Caption-style text data:
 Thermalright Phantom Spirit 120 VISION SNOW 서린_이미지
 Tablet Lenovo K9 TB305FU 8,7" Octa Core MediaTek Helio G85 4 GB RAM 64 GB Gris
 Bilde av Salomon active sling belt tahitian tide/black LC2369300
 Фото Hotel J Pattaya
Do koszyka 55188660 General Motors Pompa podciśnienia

==

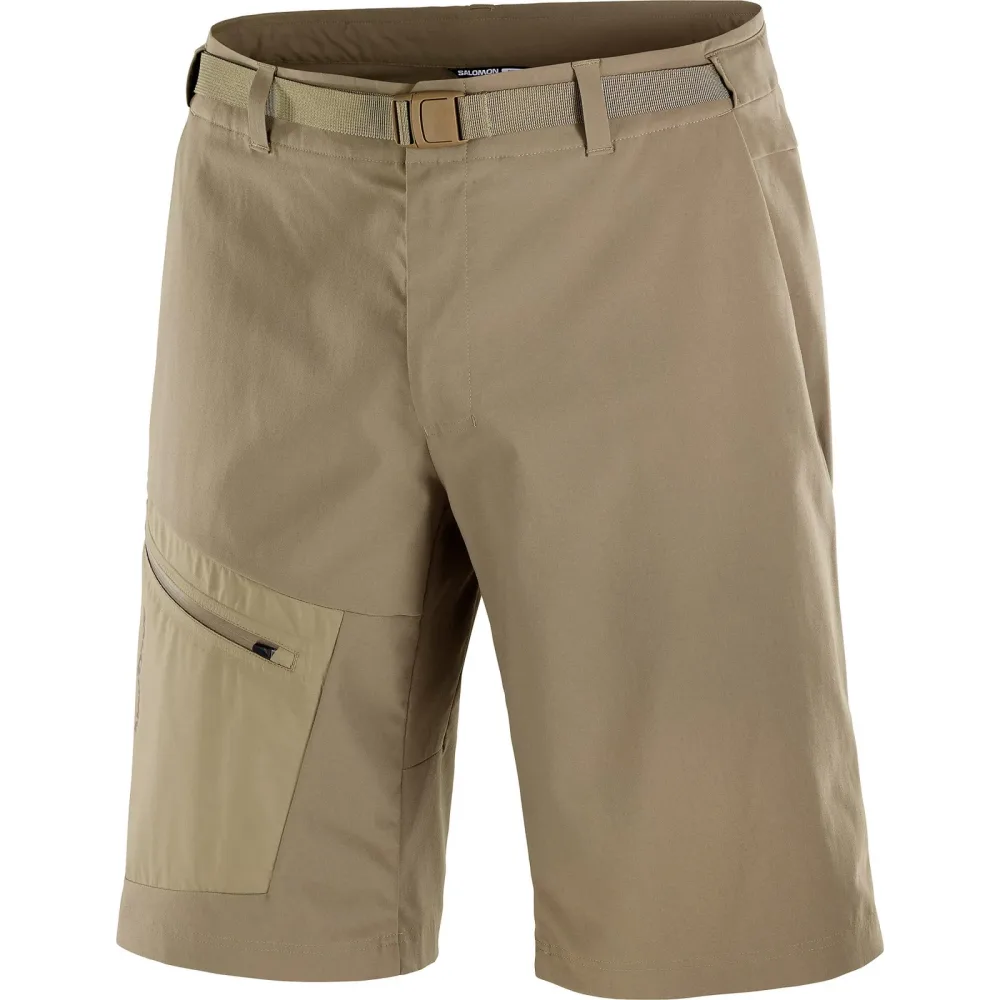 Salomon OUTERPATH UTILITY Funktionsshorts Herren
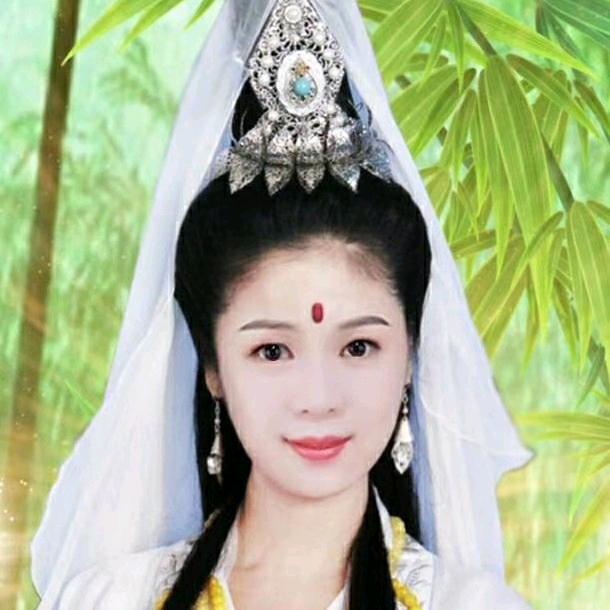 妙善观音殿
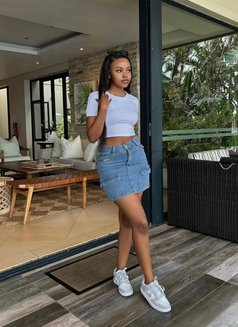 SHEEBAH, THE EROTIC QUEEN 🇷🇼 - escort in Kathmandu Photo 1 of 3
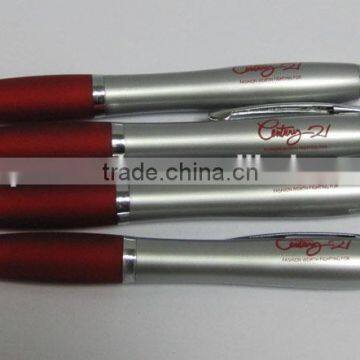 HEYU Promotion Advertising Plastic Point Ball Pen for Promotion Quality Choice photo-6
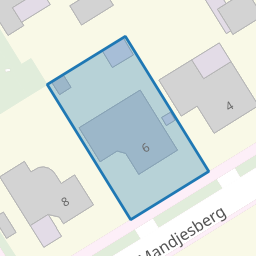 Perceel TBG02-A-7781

__TRY IT__
For the lines above, output exactly those from the line containing "Thermalright Phantom Spirit" through the line containing "Do koszyka 55188660", and skip the others.

__RESULT OF THIS EXERCISE__
 Thermalright Phantom Spirit 120 VISION SNOW 서린_이미지
 Tablet Lenovo K9 TB305FU 8,7" Octa Core MediaTek Helio G85 4 GB RAM 64 GB Gris
 Bilde av Salomon active sling belt tahitian tide/black LC2369300
 Фото Hotel J Pattaya
Do koszyka 55188660 General Motors Pompa podciśnienia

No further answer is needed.